Durante muito tempo, não foi possível aos produtores e à adega cooperativa de Favaios fortificarem Moscatel, uma vez que apenas as vinhas situadas abaixo dos 550 metros podiam aguardentar vinho — e o planalto de Favaios situa-se entre os 600 e os 650 metros de altitude. A proibição só caiu na segunda metade do século XX, o que talvez ajude a explicar o apagamento mediático do Moscatel de Favaios em relação ao Moscatel de Setúbal.
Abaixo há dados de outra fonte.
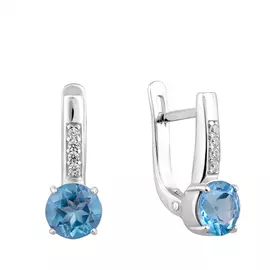 Серьги с английским замком из серебра 21-1441-23-10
Uma correcção: não há Moscatel de Favaios, mas sim Moscatel do Douro. É o que diz a lei. Porém, já não há legislação capaz de inverter uma conquista de Favaios: o nome da terra sobrepôs-se ao da casta. Muita gente, quando pede um Moscatel, pede “um Favaios”. Em França, onde há casos em que uma única vinha é uma denominação de origem, Favaios já há muito tempo que teria a sua própria denominação. Alargar a classificação a todo o Douro, nem que seja apenas na nomenclatura, significa abdicar de um nome forte e com tradições e desvalorizar a ideia de terroir.
É em torno daquela vila do concelho de Alijó e em localidades vizinhas que se situa a principal mancha de Moscatel Galego do Douro (cerca de 1400 hectares de vinha). Oitenta por cento do Moscatel produzido no Douro tem origem em Favaios. Não há outro lugar na região onde esta casta se dê tão bem. E isso prende-se, sobretudo, com a frescura que advém da altitude e a orografia plana do lugar (o planalto de Favaios é o maior do Douro).
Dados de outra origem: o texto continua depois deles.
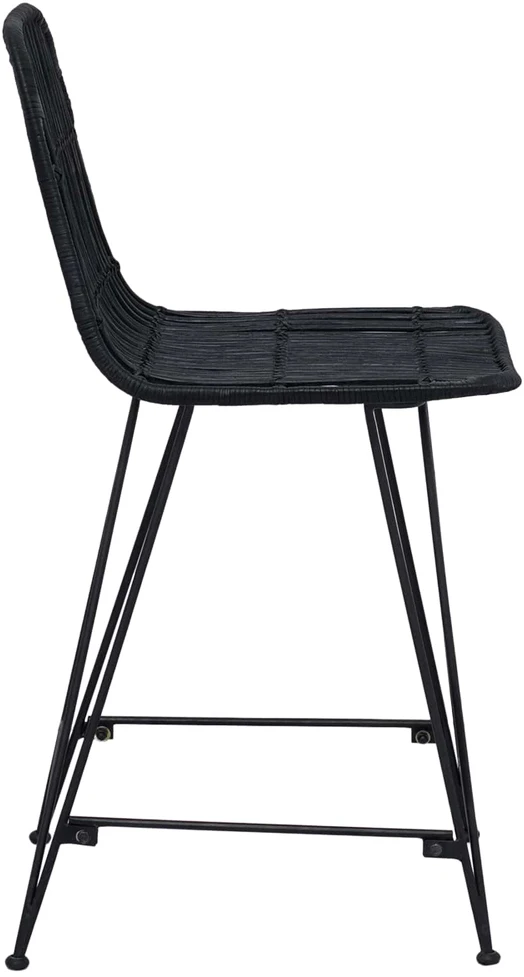Baro taburetė 2 vnt. Juoda 44 x 54 x 96 cm Ratana ir Plienas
A ligação de Favaios ao Moscatel é tão forte que não há família que não tenha uma vinha com esta casta. Muita gente, apesar das restrições legais, continua a fazer a sua pipa de Moscatel e a vender o vinho ao garrafão. Em alguns armazéns de famílias mais abastadas ainda existem moscatéis antigos extraordinários, vinhos que a partir dos 70, 80 anos de idade são facilmente confundidos com Porto Tawny.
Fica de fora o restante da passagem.